On its face, the RTD op-ed is a clear example of a non-endorsement endorsement. (For a full list of every category in the Fix Endorsement Hierarchy, scroll to the bottom of this page.) You could also call this the you-say-it-best-when-you-say-nothing-at-all endorsement because in not endorsing in the race, the RTD is making its views on the contest quite clear.
Here's why: The Times-Dispatch editorial board is reliably conservative. In 2009, they endorsed then-Attorney General Bob McDonnell (R). The RTD endorsed Mitt Romney in the 2012 presidential campaign. The paper endorsed John McCain in the 2008 presidential race. In short, its editorial board reliably backs GOP candidates. Which means its non-endorsement is rightly read as a negative commentary on the candidacy of state Attorney General Ken Cuccinelli.

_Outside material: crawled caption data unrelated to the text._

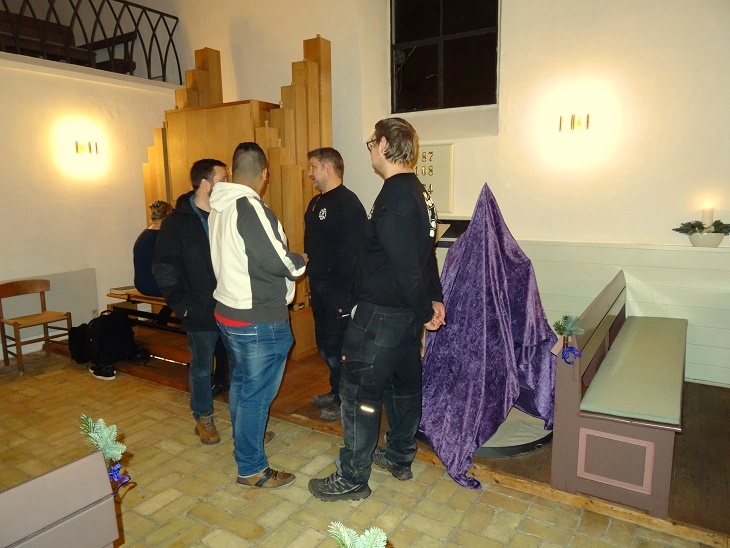 De fremmødte fra Kalundborg-egnens produktionsskole, Saltoftevænge i Svebølle. Kunstneren, der har fremstillet "lys-stjernen", Johnny Lindahl ses som nr. 3 fra venstre. Foto: F.P.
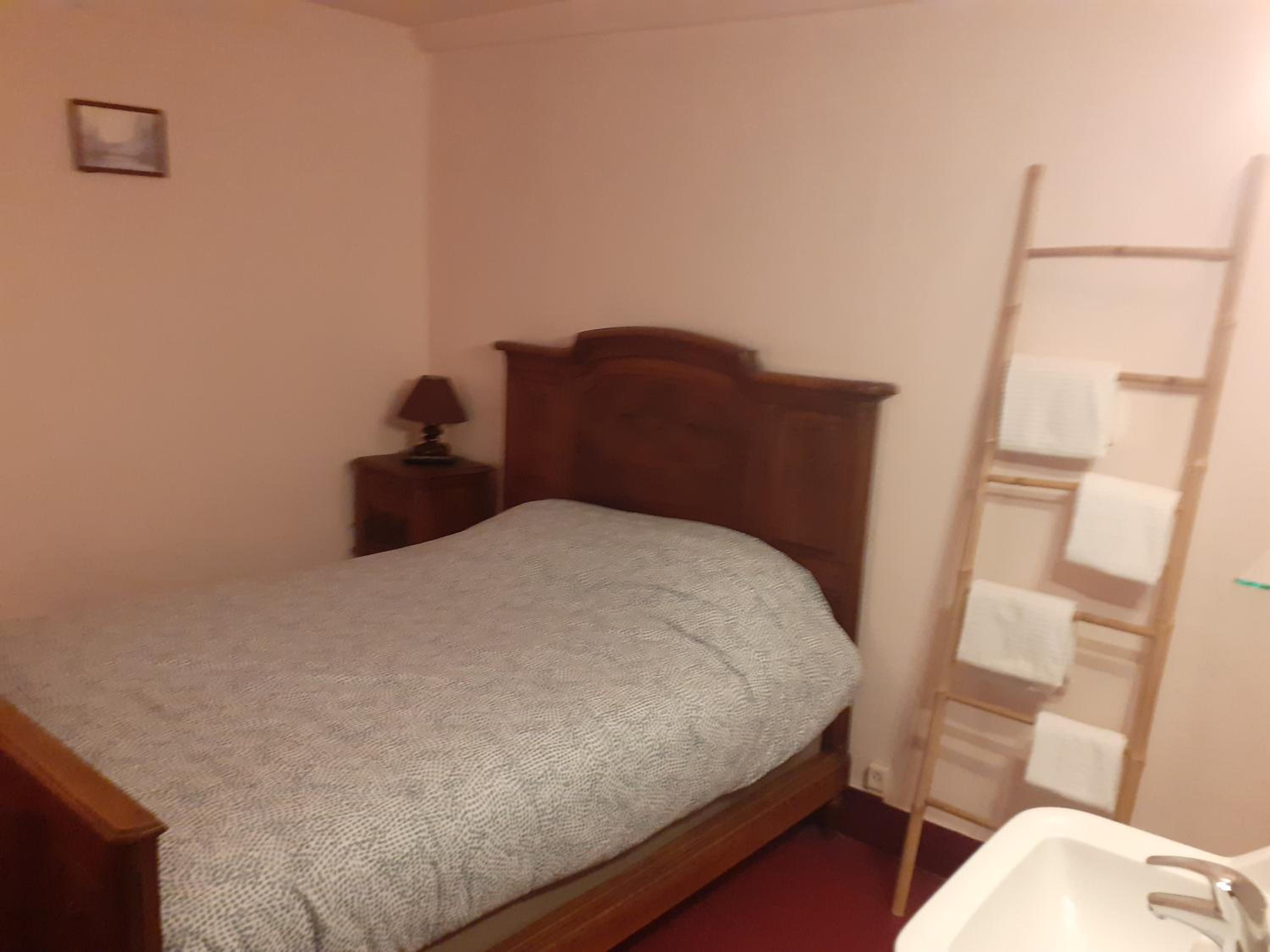 Small Double Room photo 2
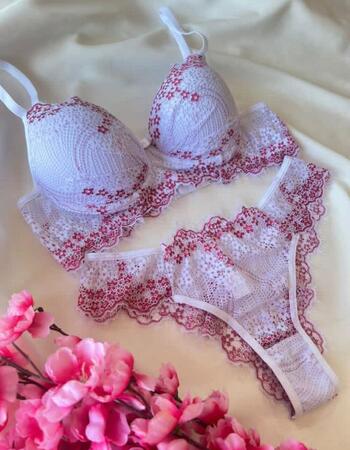 imagem CONJUNTO PREMIUM BRANCO COM ROSA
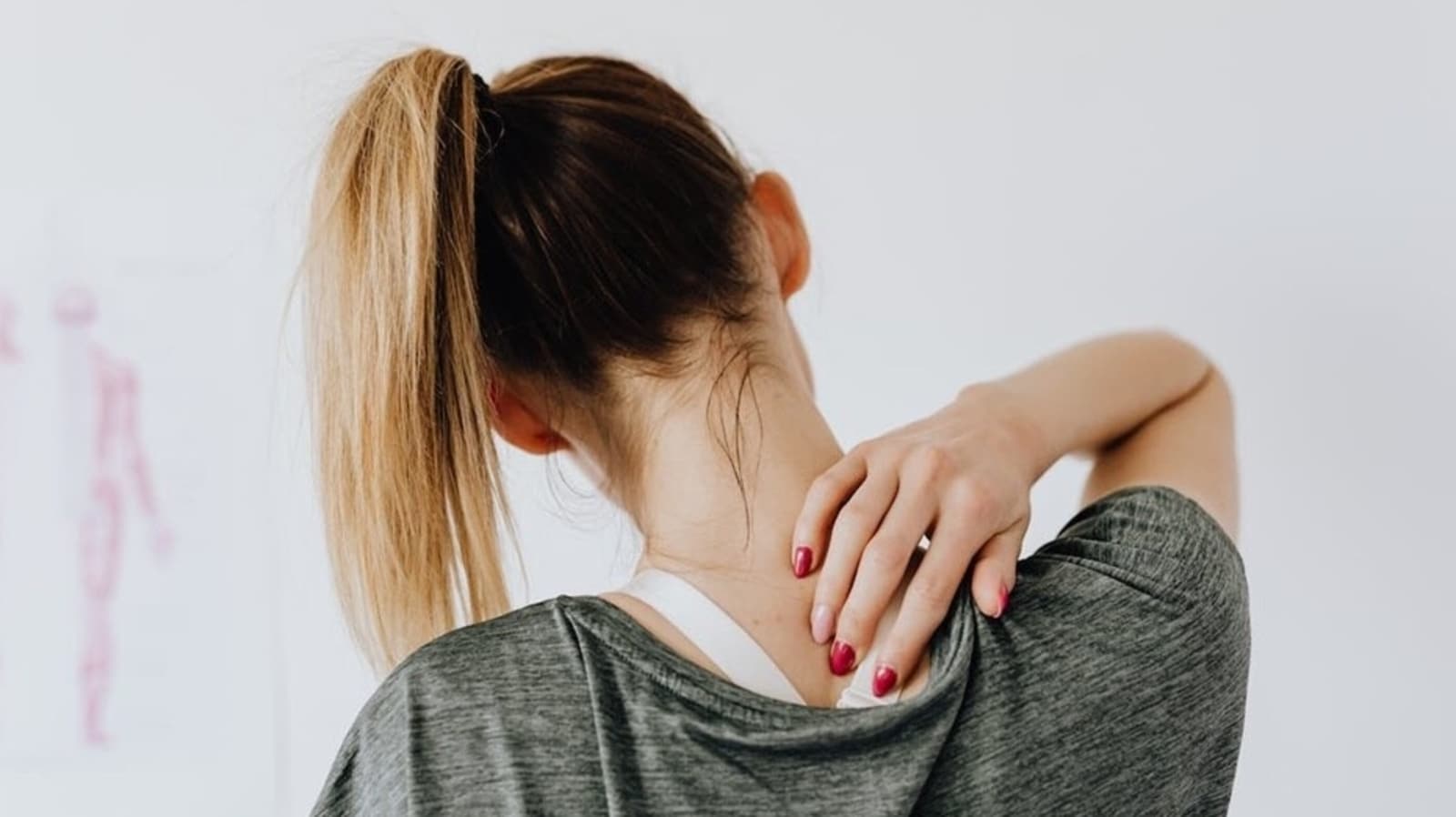 Arthritis: Easy lifestyle changes to prevent joint pain during winters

Just in case you missed that memo, the RTD drives the point home with a slashing rhetorical assault on Cuccinelli's work to change the nomination process from a primary to a convention, which virtually ensured that the most conservative candidate (him) would win the Republican nomination. "The expression of raw power would have delighted sachems of Tammany Hall," wrote the editorial board. "Virginia does not welcome an in-your-face governor." (You can bet that last line will wind up in an ad for Democrat Terry McAuliffe sometime very soon.)

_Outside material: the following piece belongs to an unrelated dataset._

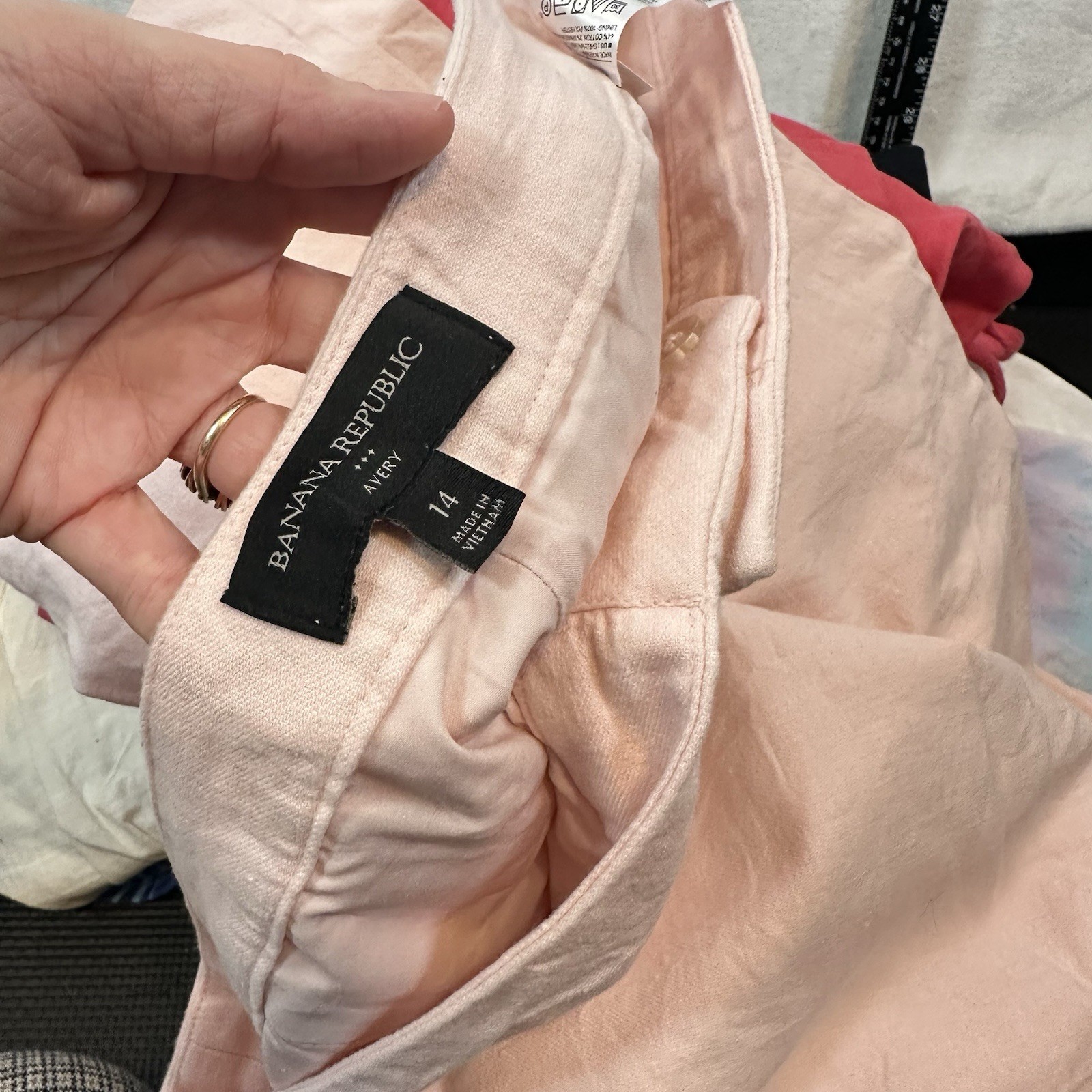Linen Clothing Whole Sale 26 Piece Lot Womens Various Sizes XS, S, M, L, XL 2X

In short, Cuccinelli lost by not winning. The seeming neutrality of the RTD's decision to stay out of the race isn't neutral at all. It takes an expected validator for Cuccinelli off the table.
Is this make or break for Cuccinelli? Absolutely not. As we have long noted when it comes to endorsements, most don't matter. This one may matter more than most, however, because it plays into the idea -- long forwarded by McAuliffe and his allies -- that even many loyal Republicans can't support Cuccinelli.
The Fix Endorsement Hierarchy (ranked in order of influence)
* The Symbolic Endorsement: Former Florida governor Jeb Bush endorsing Mitt Romney for president.
* The National Endorsement: Former Minnesota governor Tim Pawlenty for Romney.
* The In-State Statewide Endorsement: Florida Gov. Charlie Crist throwing his support to Sen. John McCain just before the Sunshine State presidential primary in 2008.
* The Celebrity Endorsement: Chuck Norris for Huckabee in 2008; Oprah for Obama.
* The Newspaper Endorsement: The Washington Post endorsing state Sen. Creigh Deeds in the 2009 Virginia Democratic gubernatorial primary.
* Out-of-State Statewide Endorsement: South Carolina Sen. Jim DeMint endorsing former Florida state House speaker Marco Rubio in the 2010 Senate primary.
* The What Goes Around Comes Around Endorsement: Former New York City mayor Rudy Giuliani endorsing Rubio.
* The Obligatory Endorsement: George W. Bush endorsing McCain’s presidential bid in 2008.
* The “Me for Me” Endorsement: Former senator Chuck Hagel (R-Neb.) endorsing Pennsylvania Rep. Joe Sestak (D) in his 2010 Senate campaign.
* The Non-Endorsement Endorsement: Louisiana Gov. Bobby Jindal (R) passing on an endorsement of Sen. David Vitter (R) in his 2010 reelection bid.
* The Backfire Endorsement: Former vice president Al Gore endorsing former Vermont governor Howard Dean in the 2004 presidential race.
* The Pariah Endorsement: Jailed former congressman Randy “Duke” Cunningham backing Newt Gingrich.